[Records from a collection]
━━━

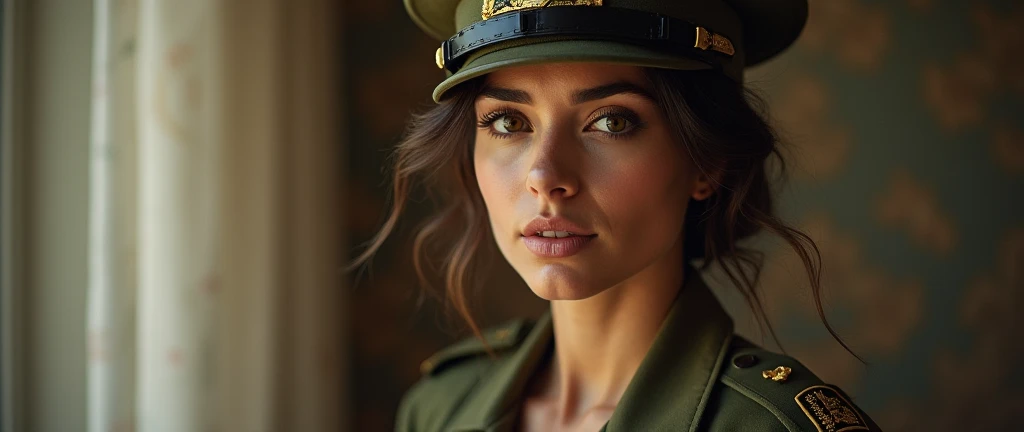 soldado feminino, com traje do exercito com detalhes complexo, Altura total, hiper-realista, pequenos detalhes insanos, linhas extremamente limpas, 8k UHD, DSLR, grain of film, Pintura fotorrealista, Fujifilm XT3, Arte MidJourney, ((autoretrato do rosto frontal com zoom aproximado, Photography movie cinematic))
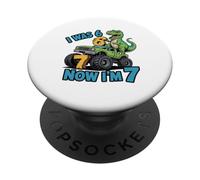 J'avais Six Ans Maintenant, J'Ai Sept Ans, Dinosaure 67, mème, 7e Anniversaire, garçons PopSockets PopGrip Adhésif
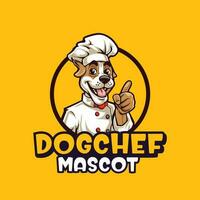 chien chef mascotte logo conception vecteur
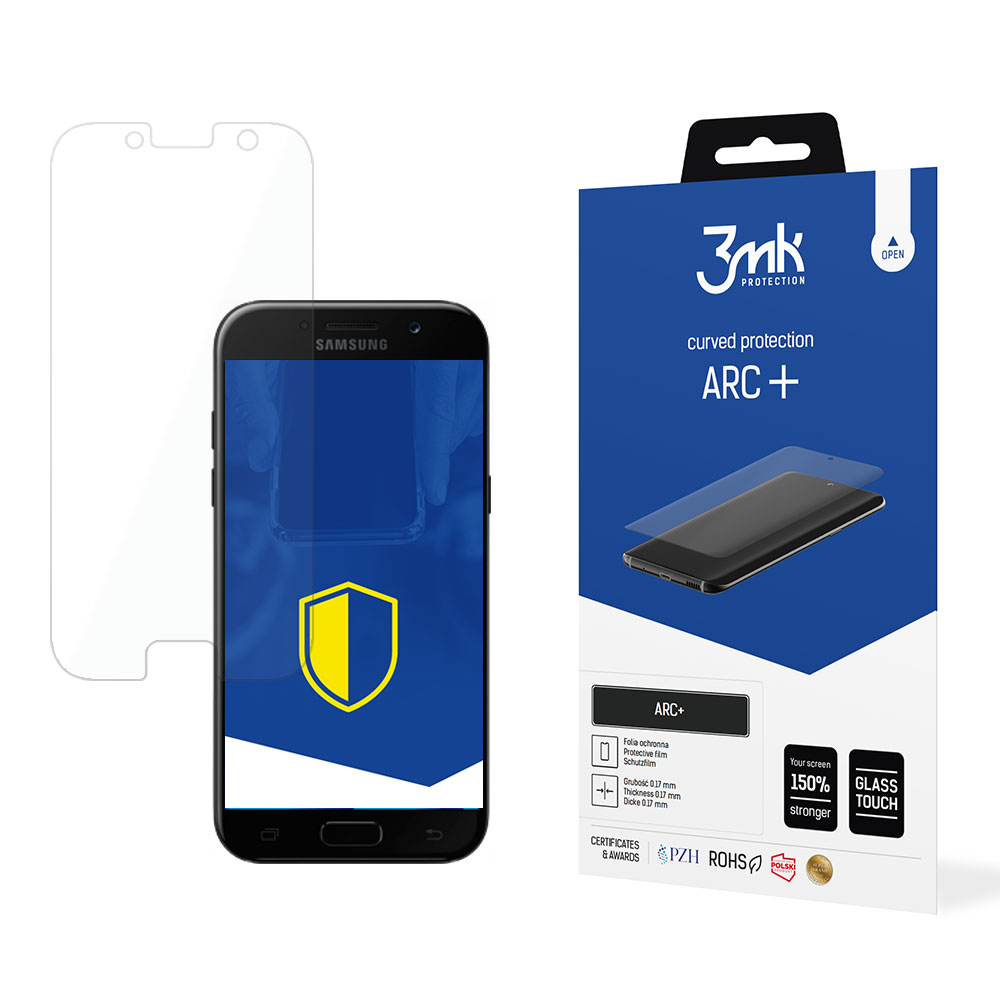 Un telefono e una protezione per lo schermo sono esposti con una scatola blu. Il telefono è nero e la protezione trasparente.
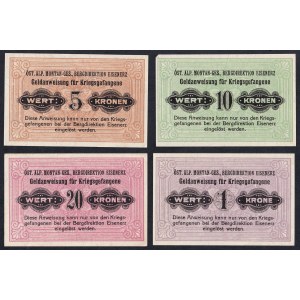 Austria, Set of 4 banknotes (1, 5, 10, 20 Kronen), 1916, UNC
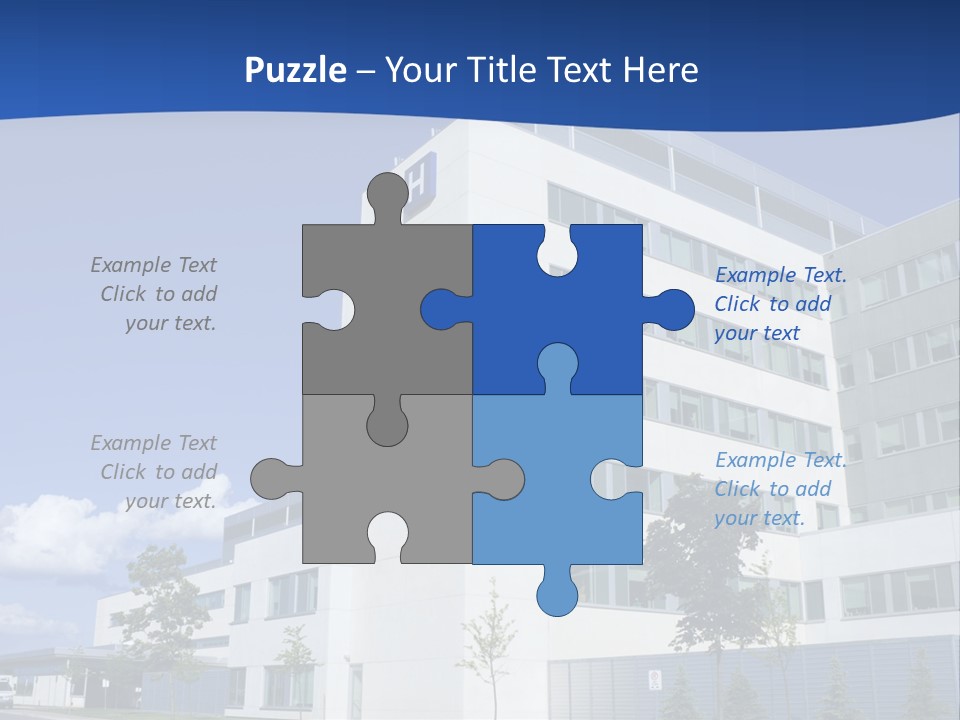 A White Building With A Blue Sky In The Background PowerPoint Template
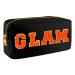 Nylon Waterproof Glam Makeup Bag-Women Chenille Letter Portable Travel Organizer Pouches for Toiletries and Valentines Day Gift Cosmetics Storage Bag with Patches (Black-Glam)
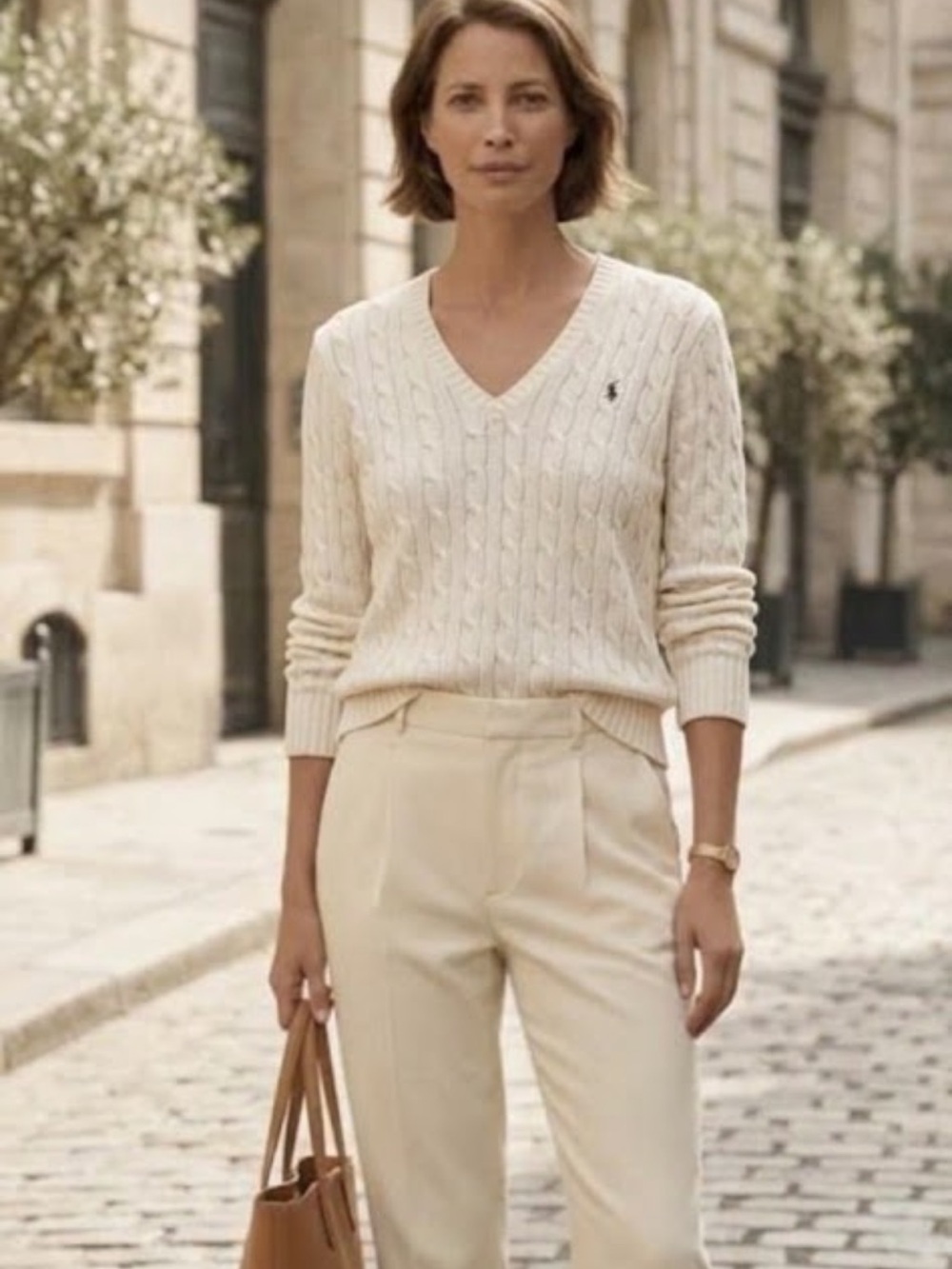 Vintage Y2K Ralph Lauren Sport Cream Cable-Knit V-Neck Sweater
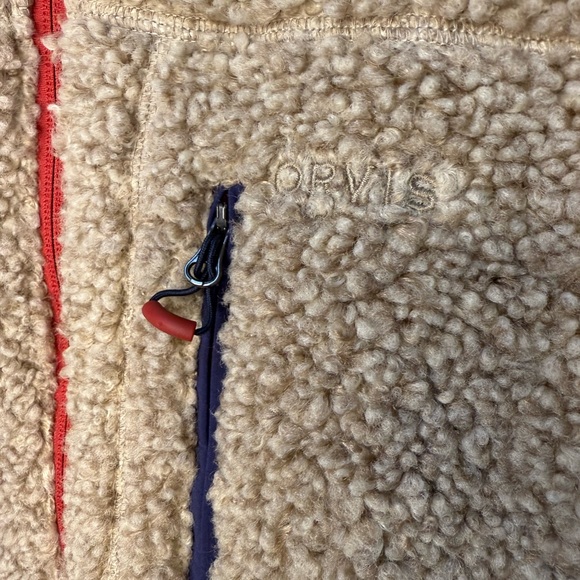 Orvis Men’s Sherpa Woven Contrast Vest Oatmeal Fleece - Large - Picture 3 of 7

━━━

> **INSTRUCTIONS FOR THE TASK**:
Only the lines from the line with "Austria, Set of" through the closing line of the data, both included, should be set down, exactly as written and without pictures.

> **REPLY**:
 Austria, Set of 4 banknotes (1, 5, 10, 20 Kronen), 1916, UNC
 A White Building With A Blue Sky In The Background PowerPoint Template
 Nylon Waterproof Glam Makeup Bag-Women Chenille Letter Portable Travel Organizer Pouches for Toiletries and Valentines Day Gift Cosmetics Storage Bag with Patches (Black-Glam)
 Vintage Y2K Ralph Lauren Sport Cream Cable-Knit V-Neck Sweater
 Orvis Men’s Sherpa Woven Contrast Vest Oatmeal Fleece - Large - Picture 3 of 7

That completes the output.